From: Shobhit Raj Mathur (shobhit@cs.washington.edu)
Date: Sun Oct 17 2004 - 13:04:08 PDT
Congestion Avoidance and Control
================================
This paper introduces the idea of TCP congestion control mechanism. The
original TCP/IP protocol did not deal with congestion control. This
resulted in a series of 'congestion collapses' during 1986 in which
bandwidth dropped by a factor of thousand. This paper suggests about 7
new algorithms to be added to the original TCP/IP design to deal with
congestion control.
In original TCP/IP protocol hosts would send their packets into the as
fast as the receiver's advertised window would allow. This was to control
the flow between the end hosts, but this often resulted in congestion at
some router resulting in packets being dropped. The hosts would then
retransmit the dropped packets resulting in more congestion and very low
throughput. This analysis motivated the author of this paper to come up
with new algorithms for congestion control. These algorithms are used even
in the present TCP/IP and are well known as "Additive
Increase/Multiplicative Decrease" and "Slow Start".
I will not describe the algorithms here as they are well known aspects of
TCP congestion control, rather would like to discuss some of the
interesting results and ideas. I liked the analogy which the author uses
between the physics of flow and network packets. It is very interesting
to know that the motivation came from the well studied phenomenon of
'equilibrium' in physics. The author suggests using ACKs to pace the
transmission of packets, this makes TCP 'self clocking' and also ensures
that the data will be injected into the network at most at twice the
maximum possible rate available on the path. The idea to use an adaptive
beta (for RTT variation) was good, as it improves performance over varied
load conditions. The intuitive values for the constants d(0.5) and u(1)
have proved to be long lasting and are still in use today. It gains
further importance as the internet applications have completely changed
over these 15 years but these values still do the trick.
The author bases most of his arguments (values of d and u, exponential
backoff etc) on intuition or analogies from other fields such as physics,
linear system theory etc. Though this is a nice idea, more rigorous
justifications would be welcome. A packet loss forces the system to go
back into slow start phase, this may result in unnecessary delays when the
packet may have been dropped though the network is not congested. The Fast
Recovery algorithm proposed later on takes care of this. Another algorithm
proposed later was Fast Retransmit. In this the source does not wait for a
packet to timeout to realize that it has been lost. Rather, it uses a
duplicate ACK mechanism to retransmit the packet again. This makes the
retransmissions faster. The paper also does not address the issue of fair
distribution of resources. A malicious user may want to blast the network
with his own packets, other users will then detect a congestion and then
reduce their windows.

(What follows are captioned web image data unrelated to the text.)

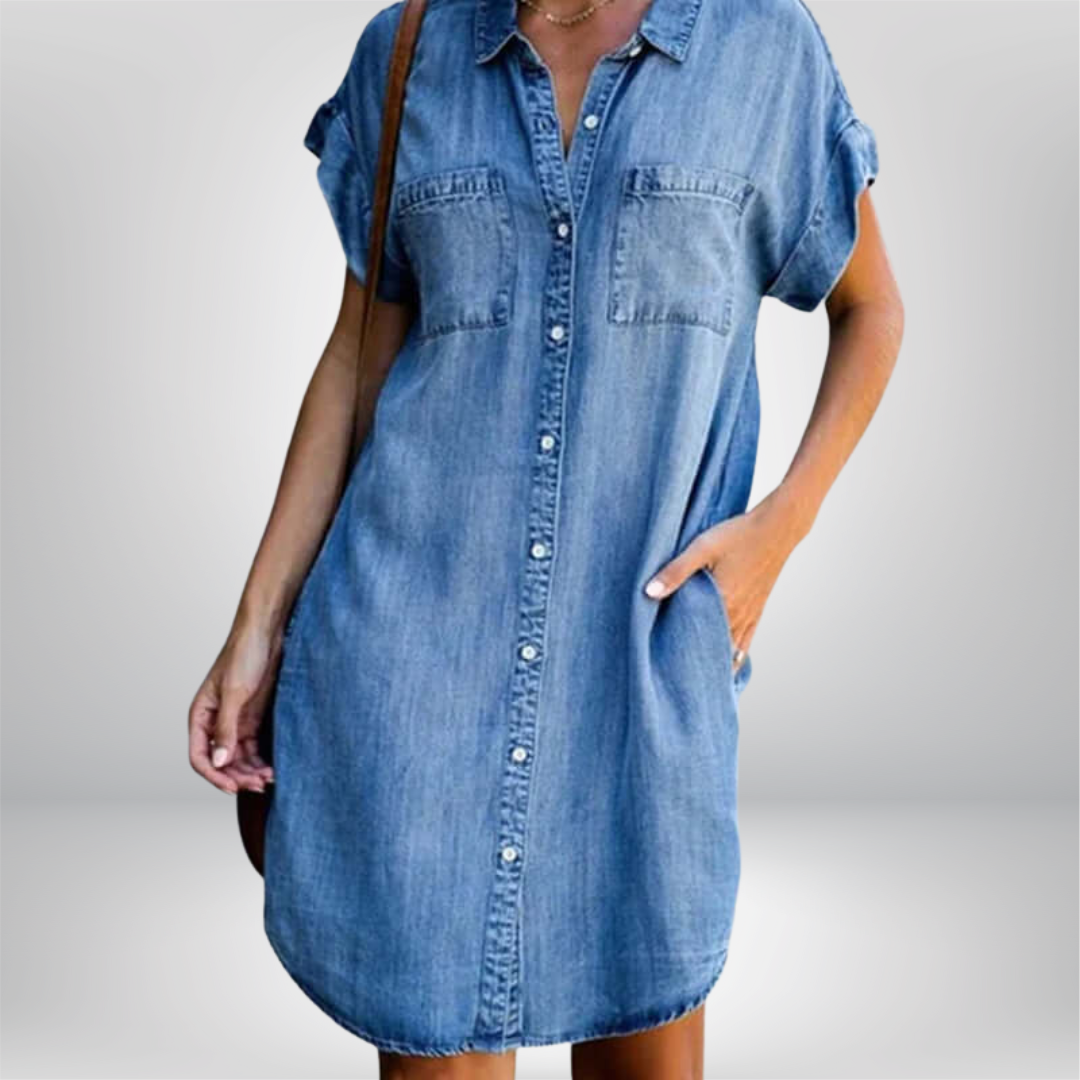 Sofia® | Casual Denim Dress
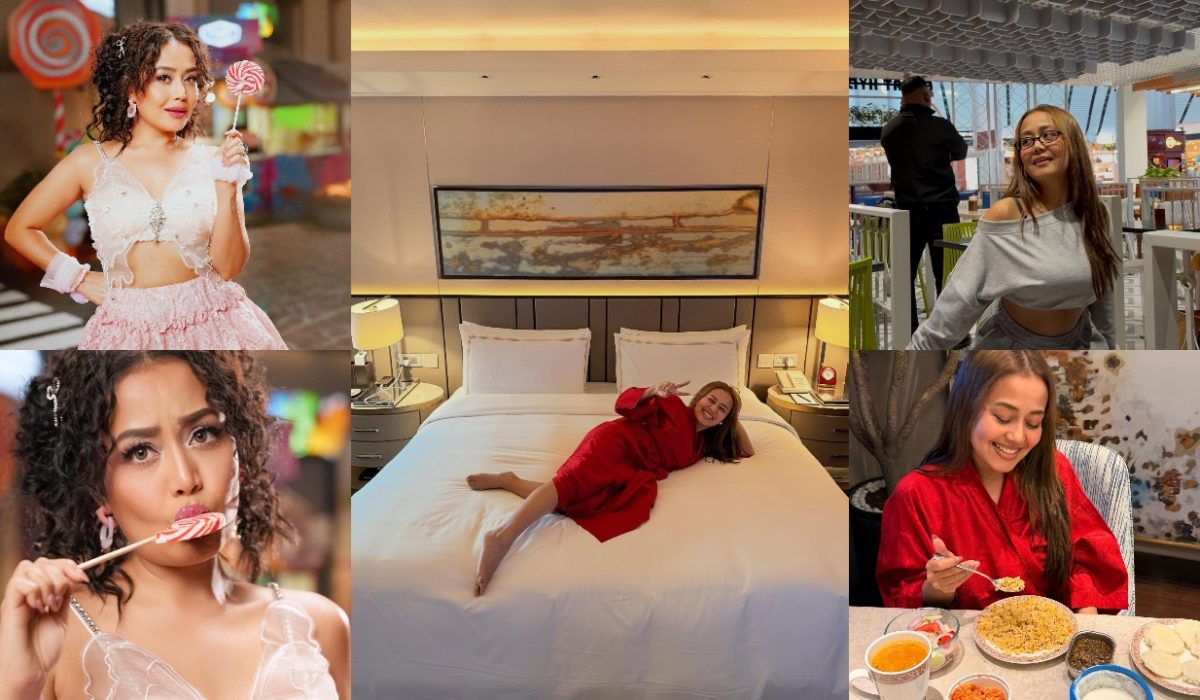 Neha Kakkar’s 10 Bold Photos That Shocked Fans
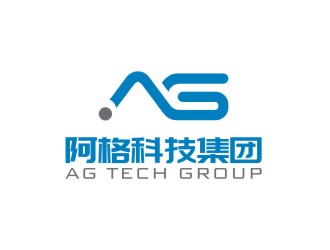 陈国伟的英文字母AG抽象设计logo设计
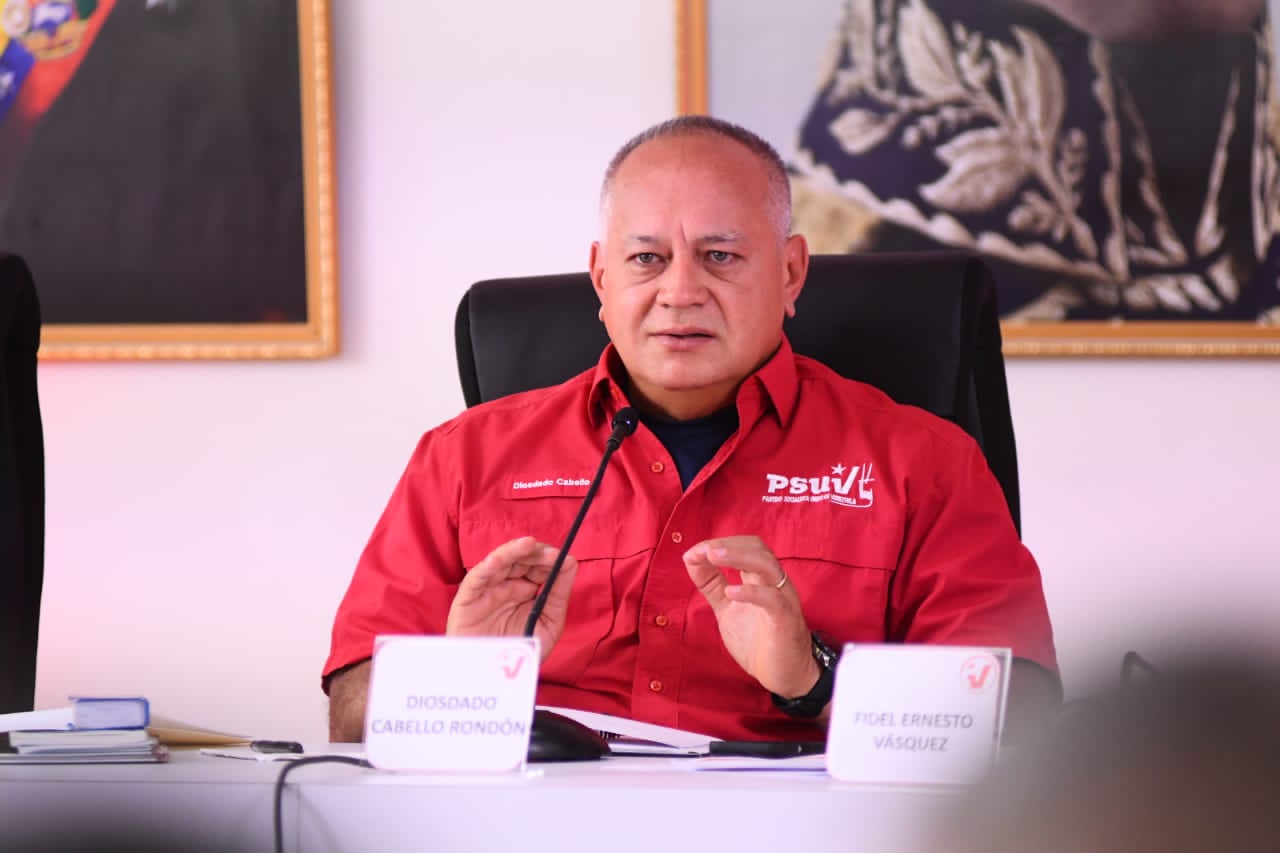 Diosdado Cabello: “Toda la derecha está comprometida en caso Pdvsa-Cripto”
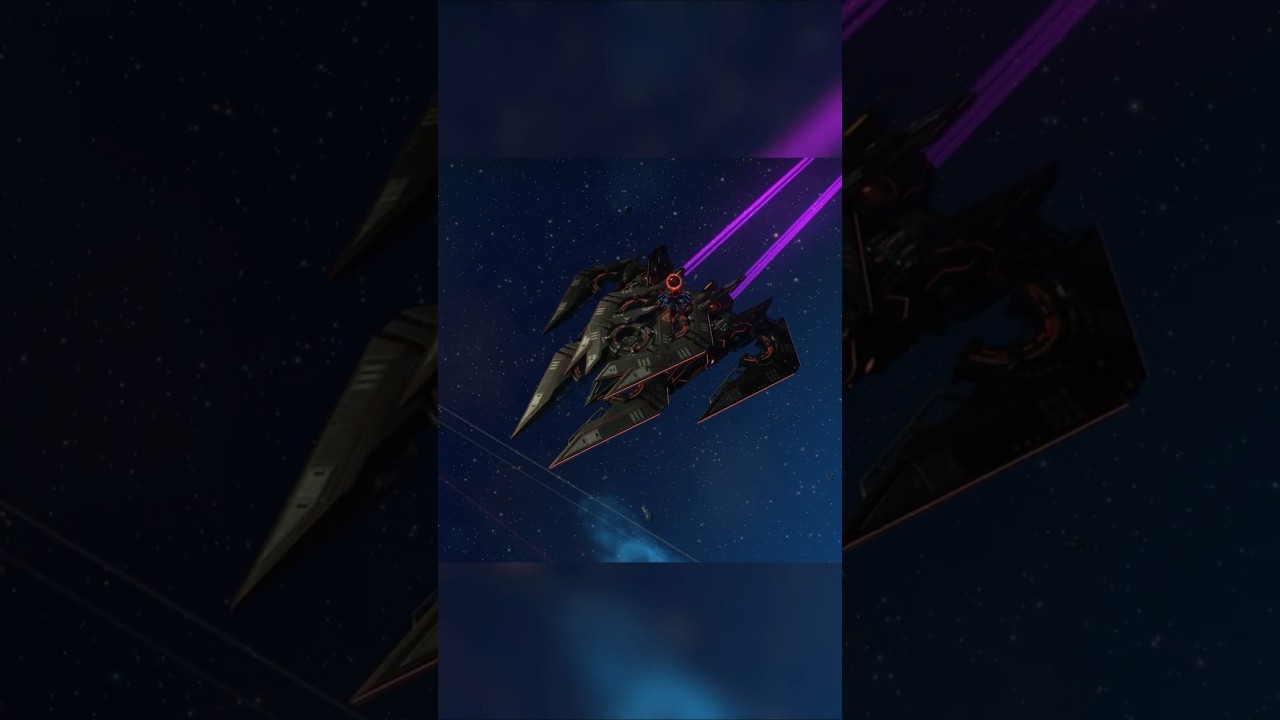 The New Sentinel Corvette Design in No Man's Sky Update 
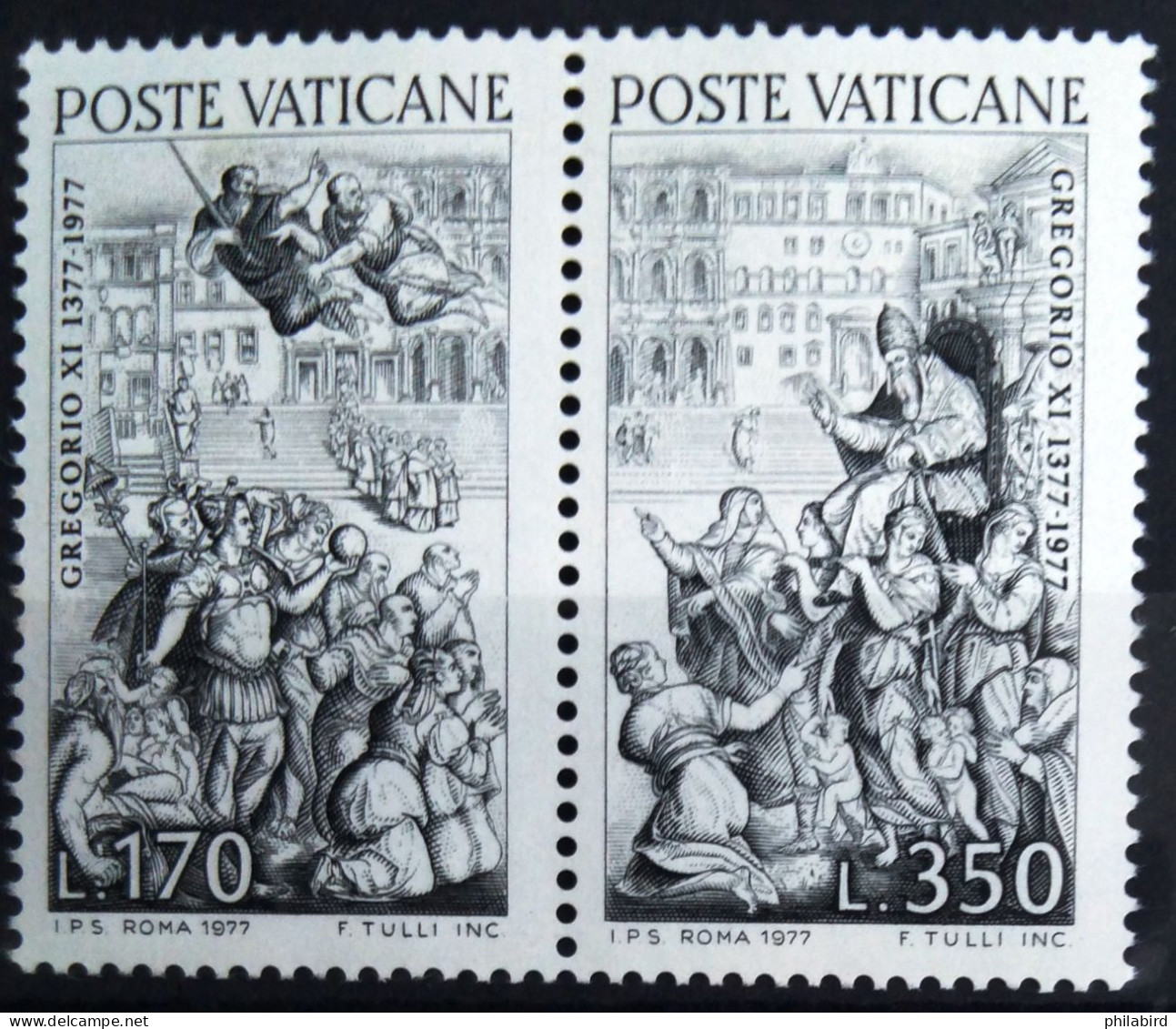 VATICAN                          N° 634/635                        NEUF** - Unused Stamps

This user will then use the increased bandwidth for
his own use and may ultimately drive out the other users.
By making minimal changes to the original TCP, the author incorporates the
algorithms for congestion control in it. Though these algorithms are not
sufficient for good congestion control mechanism and later on more
algorithms like Fast Recovery and Fast Retransmit were added, this paper
addresses one of the most important components of TCP/IP. The
illustrations and graphs used in the paper make it very readable. I found
the structure of the paper to be a bit unique; there is no abstract, lots
of footnotes and 6 pages of appendices. The paper uses the term
"congestion avoidance" in the title as well as many times in the paper. I
don't agree totally with this. The algorithms use a packet loss as a
signal for network congestion. The proposed algorithms increase the load
on the network till there is a loss which would then indicate a congested
network. This is the only means to detect the available bandwidth. So it
is ironical that some of the algorithms are sometimes called congestion
avoidance when they are intended to cause congestion. Hence in my review I
have used the term congestion control rather than congestion avoidance.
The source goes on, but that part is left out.